How do parents select a school for their children?

Working with a Dallas based charter school client to build a ground up branding strategy, the strategy team realized the existing consumer journey was not detailed enough. We needed answers to questions like: “When do parents think about switching schools?”; “Where do parents fall out of the process?”; “How do they hear about us in the first place?” In other words - what is it like to be a parent making such an important decision for the future of their child?

To construct a more detailed map, we engaged with interviews with the client, parents with children at the client’s schools and a wide ranging quantitative survey that targeted parents of school age children in the Dallas area.

Consumer Journey for School

Conclusion

What we found may not be ground breaking - that many parents carefully consider the education options for their child, but it did give us a better picture for how that process works. For example, would you have guessed that most parents looked at three schools? We didn’t know the normal consideration set size before we began.

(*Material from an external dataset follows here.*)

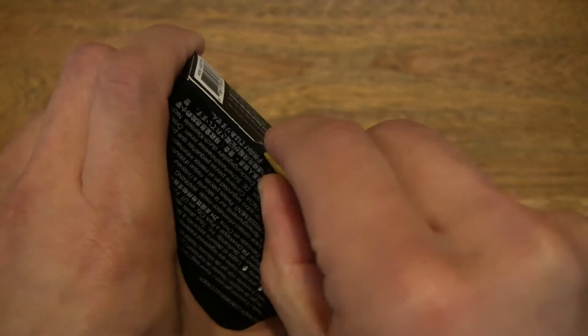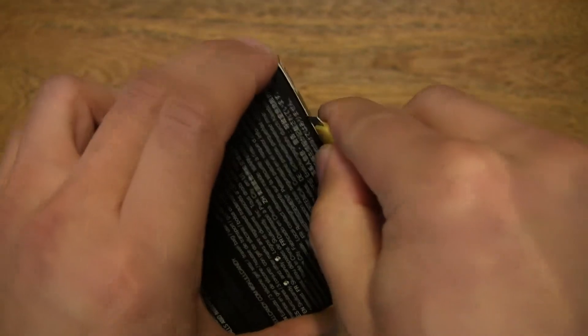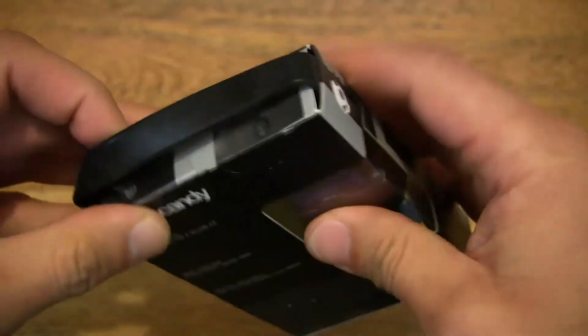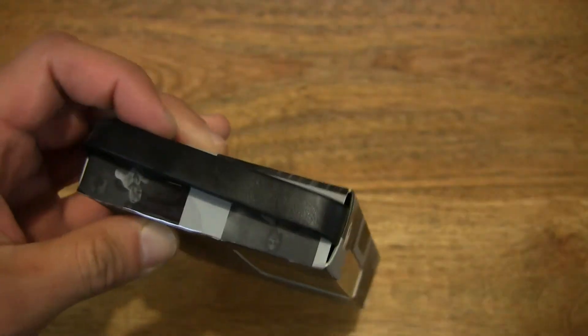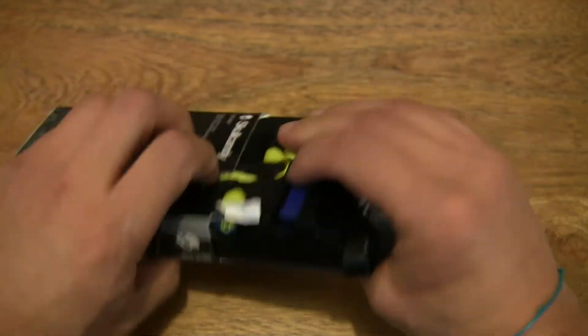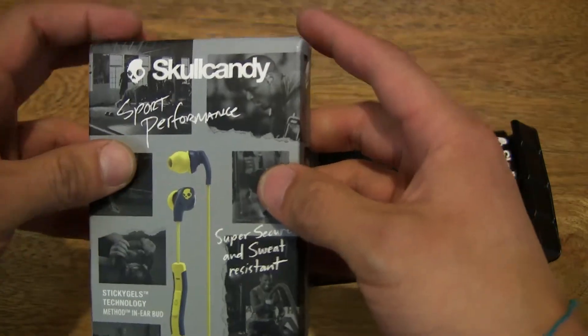So now let's go ahead and open up the box. Let's cut the box open from the bottom and see if we can open it that way — maybe not, let's do it from the top instead. And voila, we've popped open the box flap. Let's go ahead and slide the contents out from the box, making sure there's nothing else left behind.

We also learned answers to some of the fuzzier questions. We learned that parent advocacy was the most important way into the consideration set, and that aging into a school change or negative experiences were the strongest drivers to switch schools. We found that the biggest competing draw was technical credit and other hands on training for practical careers. We even identified the most common cause for parents falling out of the funnel between student acceptance and the first day of class - siblings not being accepted together. Finally, we identified the importance of opportunity for familial involvement in retention and development of parents into the brand advocates we saw as so important for school growth.

From this we were able to build a messaging, branding and strategy package that emphasized school community and parental presence to build advocates, targeted parents with children at prime switching ages, emphasized the importance of college credit and the IB program over technical training, and worked towards a new system for co-accepting siblings.